=== DATA SECTION ===
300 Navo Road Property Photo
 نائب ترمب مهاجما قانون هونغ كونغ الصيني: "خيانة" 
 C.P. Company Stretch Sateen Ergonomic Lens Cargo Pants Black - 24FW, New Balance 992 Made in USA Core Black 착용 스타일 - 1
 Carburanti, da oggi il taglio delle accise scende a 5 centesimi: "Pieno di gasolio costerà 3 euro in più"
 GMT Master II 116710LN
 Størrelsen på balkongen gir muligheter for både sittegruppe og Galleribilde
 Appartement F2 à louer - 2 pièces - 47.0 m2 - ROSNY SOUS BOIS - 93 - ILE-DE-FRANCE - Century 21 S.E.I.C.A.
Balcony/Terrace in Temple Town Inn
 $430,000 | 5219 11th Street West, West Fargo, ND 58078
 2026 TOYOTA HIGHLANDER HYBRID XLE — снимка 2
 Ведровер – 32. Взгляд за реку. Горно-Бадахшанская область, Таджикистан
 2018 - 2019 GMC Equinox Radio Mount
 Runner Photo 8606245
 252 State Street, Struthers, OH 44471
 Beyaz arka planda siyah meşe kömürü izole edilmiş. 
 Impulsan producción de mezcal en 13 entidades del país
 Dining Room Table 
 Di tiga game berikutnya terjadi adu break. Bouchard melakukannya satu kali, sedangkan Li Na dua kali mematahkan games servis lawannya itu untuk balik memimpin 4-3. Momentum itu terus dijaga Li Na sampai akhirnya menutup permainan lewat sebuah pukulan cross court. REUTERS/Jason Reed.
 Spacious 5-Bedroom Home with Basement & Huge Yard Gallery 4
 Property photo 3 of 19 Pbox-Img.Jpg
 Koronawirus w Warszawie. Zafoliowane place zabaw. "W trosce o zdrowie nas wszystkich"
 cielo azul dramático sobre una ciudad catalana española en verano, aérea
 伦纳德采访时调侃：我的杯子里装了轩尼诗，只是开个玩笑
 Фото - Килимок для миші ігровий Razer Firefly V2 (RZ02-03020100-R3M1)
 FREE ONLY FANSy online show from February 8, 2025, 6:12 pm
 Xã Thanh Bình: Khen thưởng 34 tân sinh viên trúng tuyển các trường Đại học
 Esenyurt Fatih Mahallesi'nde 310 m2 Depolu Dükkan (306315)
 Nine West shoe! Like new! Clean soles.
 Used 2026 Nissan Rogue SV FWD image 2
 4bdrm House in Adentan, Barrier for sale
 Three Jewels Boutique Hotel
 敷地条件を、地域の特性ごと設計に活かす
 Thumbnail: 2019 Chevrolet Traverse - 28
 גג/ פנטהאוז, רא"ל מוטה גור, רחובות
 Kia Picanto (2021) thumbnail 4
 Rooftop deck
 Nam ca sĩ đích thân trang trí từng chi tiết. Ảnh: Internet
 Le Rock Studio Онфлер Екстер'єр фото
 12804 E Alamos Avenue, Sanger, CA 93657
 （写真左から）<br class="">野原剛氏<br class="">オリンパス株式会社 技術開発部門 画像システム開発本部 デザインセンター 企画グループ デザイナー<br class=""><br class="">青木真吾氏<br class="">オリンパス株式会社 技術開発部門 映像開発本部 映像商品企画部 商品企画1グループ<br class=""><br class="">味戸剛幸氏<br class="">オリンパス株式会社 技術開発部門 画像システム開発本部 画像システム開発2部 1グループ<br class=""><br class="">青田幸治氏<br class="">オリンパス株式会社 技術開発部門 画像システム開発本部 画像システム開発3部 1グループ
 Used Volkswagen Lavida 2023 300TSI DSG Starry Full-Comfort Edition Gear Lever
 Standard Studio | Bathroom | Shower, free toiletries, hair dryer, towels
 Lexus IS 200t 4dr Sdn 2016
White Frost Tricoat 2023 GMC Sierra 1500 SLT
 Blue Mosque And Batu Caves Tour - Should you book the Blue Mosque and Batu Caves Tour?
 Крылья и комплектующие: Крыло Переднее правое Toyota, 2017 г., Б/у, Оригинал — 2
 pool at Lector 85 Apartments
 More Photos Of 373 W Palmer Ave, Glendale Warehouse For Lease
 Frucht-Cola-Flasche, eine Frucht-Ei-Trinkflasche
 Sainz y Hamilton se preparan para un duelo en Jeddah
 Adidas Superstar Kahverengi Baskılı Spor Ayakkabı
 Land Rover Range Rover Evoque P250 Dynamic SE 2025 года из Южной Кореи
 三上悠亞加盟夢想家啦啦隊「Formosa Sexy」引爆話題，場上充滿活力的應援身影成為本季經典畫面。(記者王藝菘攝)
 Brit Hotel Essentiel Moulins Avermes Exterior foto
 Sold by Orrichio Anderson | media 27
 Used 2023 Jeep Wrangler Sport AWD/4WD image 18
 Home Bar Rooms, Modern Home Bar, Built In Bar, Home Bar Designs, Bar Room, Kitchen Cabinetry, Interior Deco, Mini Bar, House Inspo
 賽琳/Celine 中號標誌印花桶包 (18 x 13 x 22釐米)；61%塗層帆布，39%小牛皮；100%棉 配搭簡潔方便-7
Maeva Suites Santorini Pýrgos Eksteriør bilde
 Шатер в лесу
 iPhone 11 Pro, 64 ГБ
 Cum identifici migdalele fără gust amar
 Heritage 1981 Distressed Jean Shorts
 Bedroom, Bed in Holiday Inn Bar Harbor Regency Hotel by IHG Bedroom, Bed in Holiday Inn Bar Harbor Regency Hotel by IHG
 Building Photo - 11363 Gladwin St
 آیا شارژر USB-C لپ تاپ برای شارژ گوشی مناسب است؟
===
State how many lines of the data contain the word "West". Nothing besides the number belongs in the reply.

• ANSWER SECTION
2